I already showed you that the number of paths in a second degree binary tree (or third degree if you want to adop the empty path) IS larger than the total number of nodes. And what I mean by paths those that can start with 1 or with 0, but with the condition that it must be unidirectional. And showed it clearly and I've illustrated each path. You have 9 paths (inclusive of the empty path) and only 7 nodes.
> > that it must begin with 0 since it is representing a number in > > the interval [0,1], that's OK, then according to that I can see that > > you are correct since the number of paths do corresponds to the number > > of ending node, and with my calculation it would be less than the > > total number of nodes by one. I'll need to check this again, but let > > me agree with you on that for the current moment. > > > But still you have a problem. What you really managed to prove is that > > the total number of FINITE undirectional paths beginning from 0 in the > > infinite binary tree is countable, since we can simply draw an > > injective map from those paths to their ending nodes. > > No.
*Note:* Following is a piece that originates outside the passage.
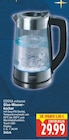 Glas-Wasserkocher von EDEKA zuhause für 29,99 € bei E center im Angebot Glas-Wasserkocher von EDEKA zuhause im aktuellen E center Prospekt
I proved that the number of infinite paths is countable by > constructing all nodes of the Binbary Tree by a countable set of > infinite paths. >
This only means that you can have a bijective function from a countable subset of infinite paths of the binary tree to the set of all nodes, which everyone already know that this is possible, because we all agree that the total number of nodes of the infinite binary tree is countable.
What would be a proof is if you manage to define an injection from the set of ALL infinite paths of the binary tree to the set of all nodes of the binary tree.